Task to complete: Number of lines below with the word "Striped": state it and write nothing more.

Data to process:
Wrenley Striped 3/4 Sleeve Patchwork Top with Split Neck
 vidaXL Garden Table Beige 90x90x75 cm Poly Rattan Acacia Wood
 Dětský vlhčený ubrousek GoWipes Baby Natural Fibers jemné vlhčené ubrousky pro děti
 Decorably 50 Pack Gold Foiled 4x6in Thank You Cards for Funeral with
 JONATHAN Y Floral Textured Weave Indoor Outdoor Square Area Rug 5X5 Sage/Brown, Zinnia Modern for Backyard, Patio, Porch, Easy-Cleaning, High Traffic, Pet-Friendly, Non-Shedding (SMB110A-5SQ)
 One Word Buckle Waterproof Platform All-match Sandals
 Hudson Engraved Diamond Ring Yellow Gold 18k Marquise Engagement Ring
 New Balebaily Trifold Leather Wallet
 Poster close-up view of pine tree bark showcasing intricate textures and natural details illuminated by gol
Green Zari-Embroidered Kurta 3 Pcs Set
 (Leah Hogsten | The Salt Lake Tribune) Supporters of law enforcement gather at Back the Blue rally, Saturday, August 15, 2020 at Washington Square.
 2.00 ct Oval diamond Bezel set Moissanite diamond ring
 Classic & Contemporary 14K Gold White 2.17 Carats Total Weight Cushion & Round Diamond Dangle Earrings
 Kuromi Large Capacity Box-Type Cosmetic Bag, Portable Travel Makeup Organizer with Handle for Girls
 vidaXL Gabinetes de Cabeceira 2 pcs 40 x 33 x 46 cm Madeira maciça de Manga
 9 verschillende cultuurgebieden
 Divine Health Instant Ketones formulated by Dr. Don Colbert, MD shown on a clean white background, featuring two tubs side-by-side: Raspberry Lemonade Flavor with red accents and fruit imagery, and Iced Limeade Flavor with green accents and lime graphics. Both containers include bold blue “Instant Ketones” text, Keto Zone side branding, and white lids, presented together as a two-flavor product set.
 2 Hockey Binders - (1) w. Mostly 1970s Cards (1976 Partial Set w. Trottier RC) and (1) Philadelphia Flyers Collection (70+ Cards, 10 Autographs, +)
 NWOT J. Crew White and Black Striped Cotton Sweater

Exercise response: 2